Plaintiff also testified that McMonagle made discriminatory age-related statements regarding her to Magruda and Nichols, such as "Margaret looks tired and ready for retirement."
Plaintiff also alleges that Gary Geis ("Geis") made discriminatory age-related comments to her in the spring, summer or fall of 2002. Geis stated, "Don't you think you're too old for all of this change? Why don't you retire? Why don't you do something else, get out of the rat race." Id. at 91. Additionally, according to Plaintiff, Geis made discriminatory age-related comments about other employees as well. Specifically, Geis was very critical of the appearance and energy level of one of his salespeople, Mary Anne O'Malley. According to Plaintiff, Geis said that O'Malley looked old and that her appearance was not appealing.
By her own admission, Plaintiff did not follow Heartland's harassment reporting procedure and never informed anyone at either the corporate or local level of Manor Care or Heartland about these purported comments. However, Plaintiff contends that she did not report these comments as it would have been futile, because she would have had to report the statements to the very persons who had made them, i.e., namely Smith of Human Resources and McMonagle, her supervisor. Further, she did not utilize the company hotline because of her own past experiences that such hotline calls do not remain confidential. Based on her own experience, Plaintiff believed that both Smith and McMonagle would have received the information that she had reported on the hotline.
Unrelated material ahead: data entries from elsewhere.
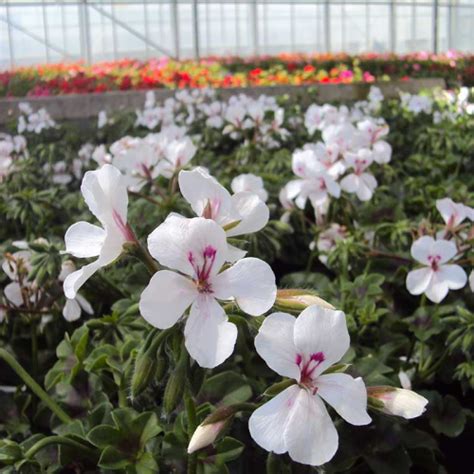 Acheter Geranium Lierre Rainbow Blanc Et Autres Plantes Sur Coclicoh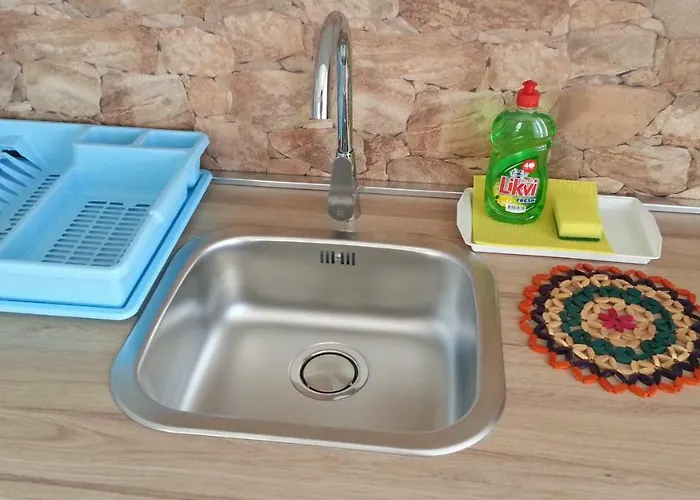 Kiwi & Olive * Brela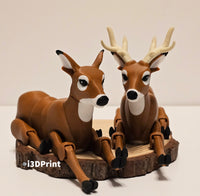 Deer Doe / Deer Buck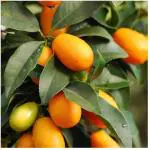 Platone Sweet Lemon PlantMusambi PlantSweet Lemon plant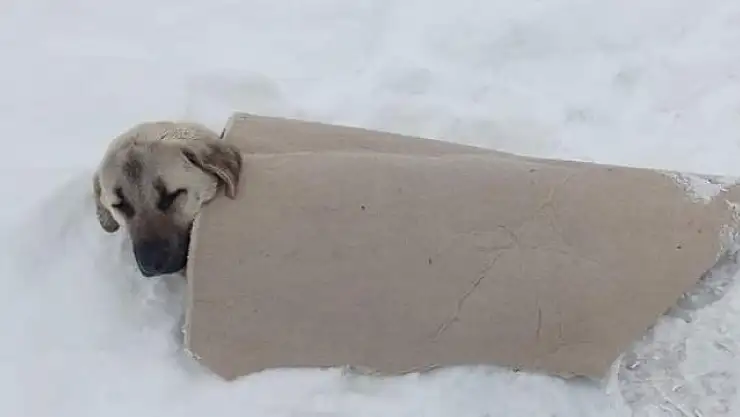 'Köpeğin üzerine üşümesin diye halı ile örttü'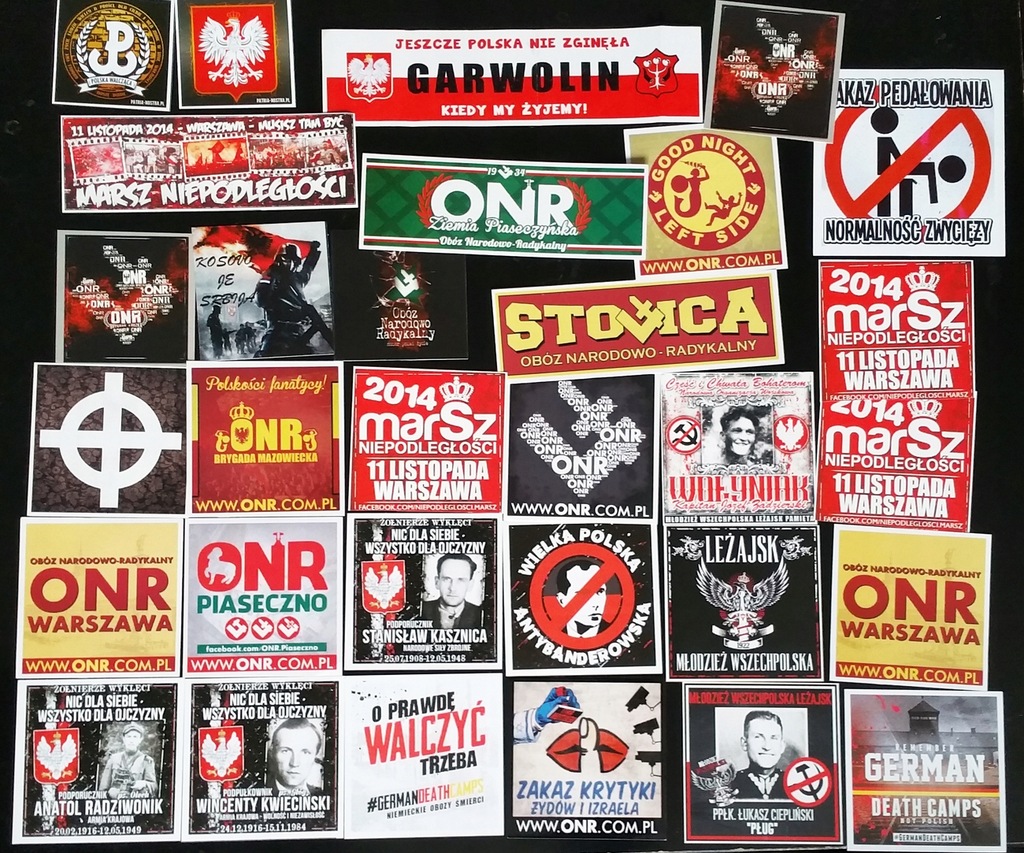 VLEPKI ONR NOP Marsz NIEPODLEGŁOŚCI Patriotyczne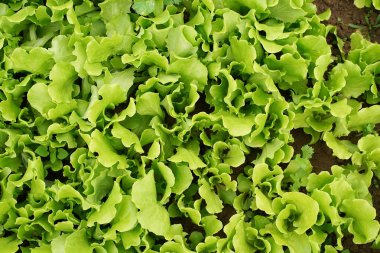 marul sebze salatası kırsal tarım arazilerinde büyüyen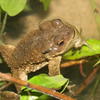 Bufo bankorensis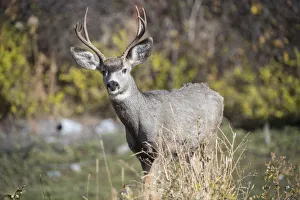A mule deer buck at National Bison Range, Montana A mule deer buck at National Bison Range, Montana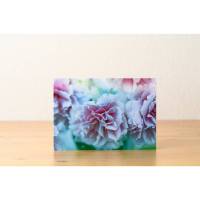 Foto Grußkarte Blume Hortensie - Klappkarte mit Umschlag - Format C6 Bild 2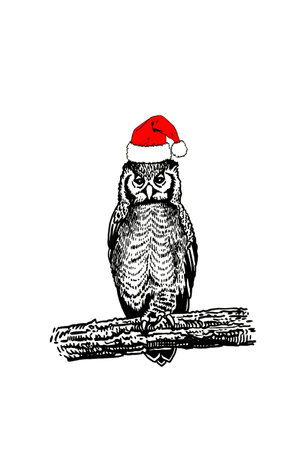 Vector owl in red Santa Claus hat sitting on the branch of the tree isolated on whiteのイラスト素材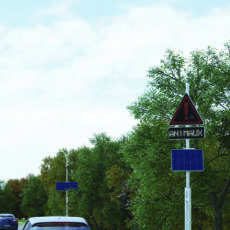 Pack_faune_focus_HD_v4 (1)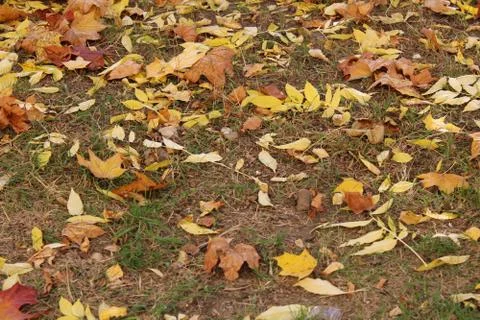 Background image Stock Photos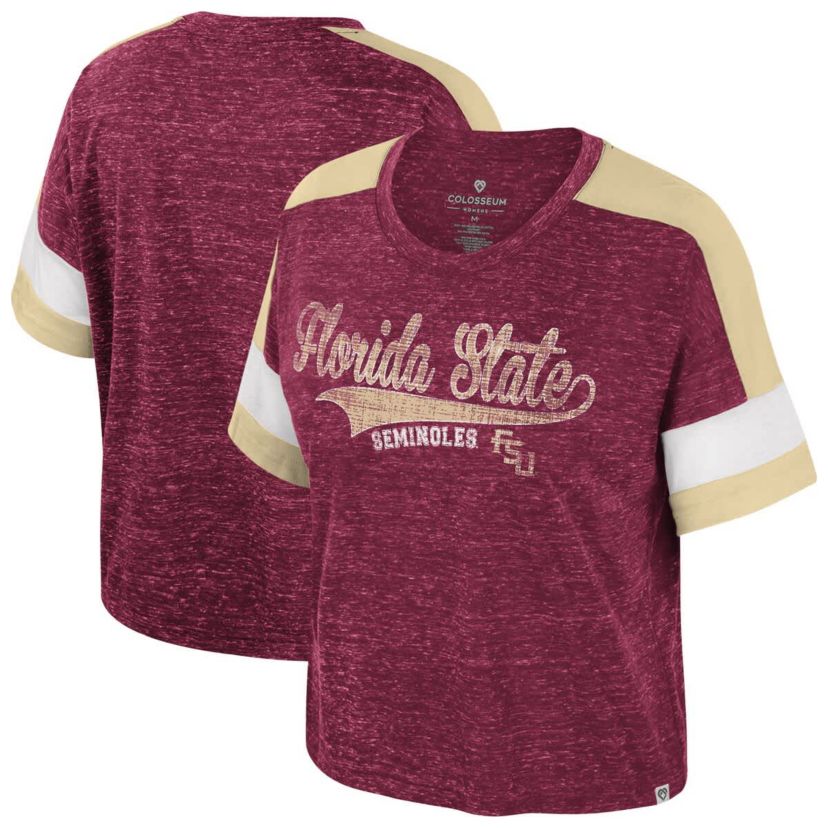 NCAA Florida State Seminoles Color Block Scoop Neck T-Shirt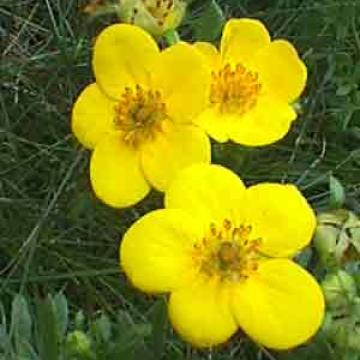 Potentilla fruticosa 'Kobold'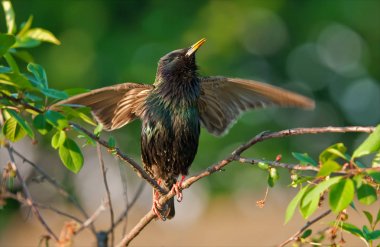Ortak starling şarkı yayılmış kanatlı 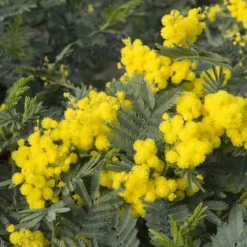 Mimosa Als Boom (Acacia Dealbata) -Aanbiedingen Bloem Land Winkel acacia dealbata 1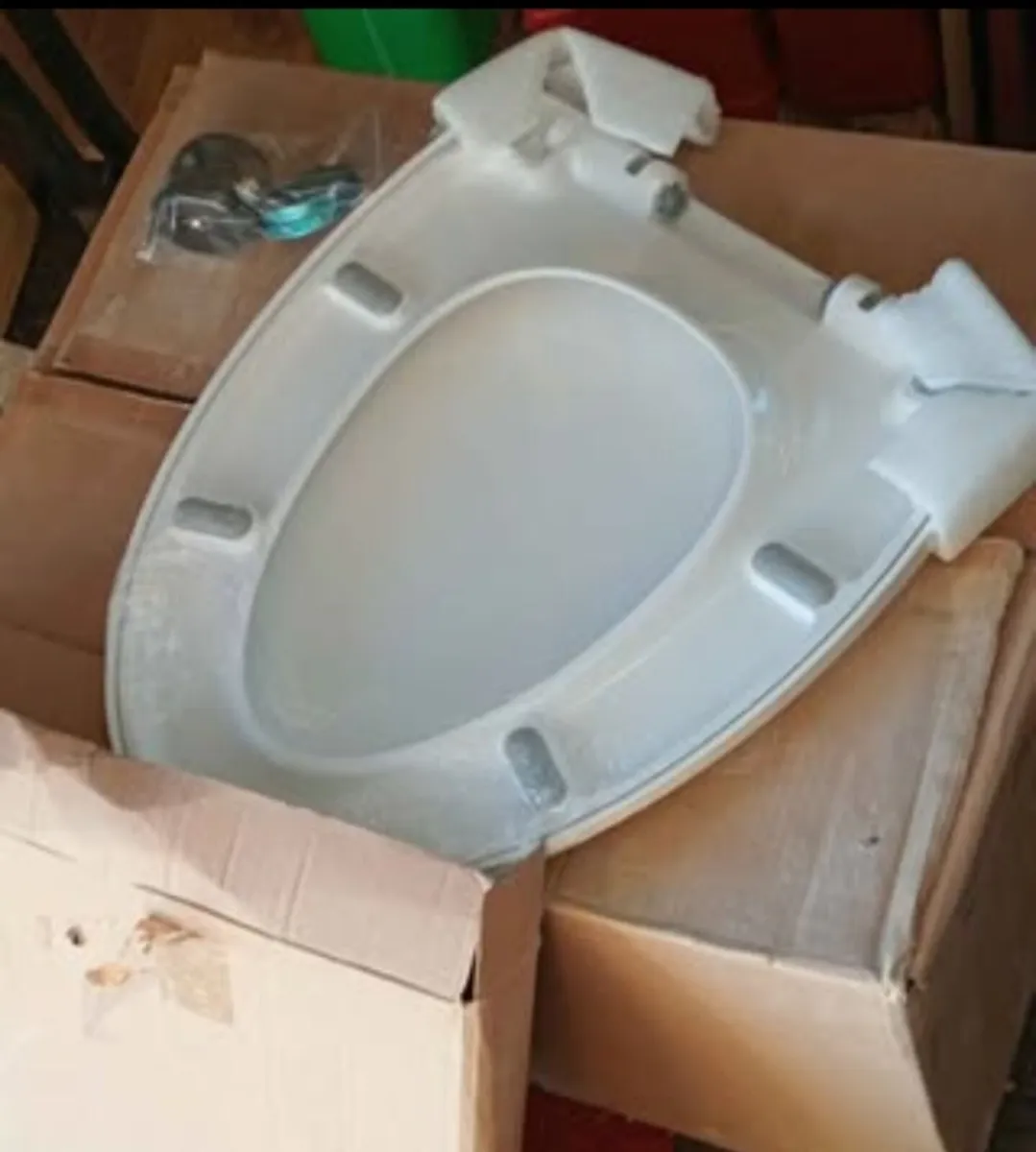 Wall mounted Toilet and seat - Image 4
Plaintiff also contends that there was a pattern of Heartland preferring younger employees and discriminating against older employees. For example, Plaintiff contends that at least two other employees, both over forty (40) years of age, were terminated on account of their age, to wit: Mary Ann O'Malley and Marcia Stewart.
STANDARD OF REVIEW
Summary judgment should be granted "if the pleadings, depositions, answers to interrogatories, and admissions on file, together with the affidavits, if any, show that there is no genuine issue as to any material fact and that the moving party is entitled to judgment as a matter of law." Fed. R. Civ. P. 56(c). Thus, the Court's task is not to resolve disputed issues of fact, but to determine whether there exist any factual issues to be tried. Anderson v. Liberty Lobby, Inc., 477 U.S. 242, 247-49 (1986). The non-moving party must raise "more than a mere scintilla of evidence in its favor" in order to overcome a summary judgment motion. Williams v. Borough of West Chester, 891 F.2d 458, 460 (3d Cir. 1989) (citing Liberty Lobby, 477 U.S. at 249). Further, the non-moving party cannot rely on unsupported assertions, conclusory allegations, or mere suspicions in attempting to survive a summary judgment motion. Id. (citing Celotex Corp. v. Catrett, 477 U.S. 317, 325 (1986)). Distilled to its essence, the summary judgment standard requires the non-moving party to create a "sufficient disagreement to require submission [of the evidence] to a jury." Liberty Lobby, 477 U.S. at 251-52.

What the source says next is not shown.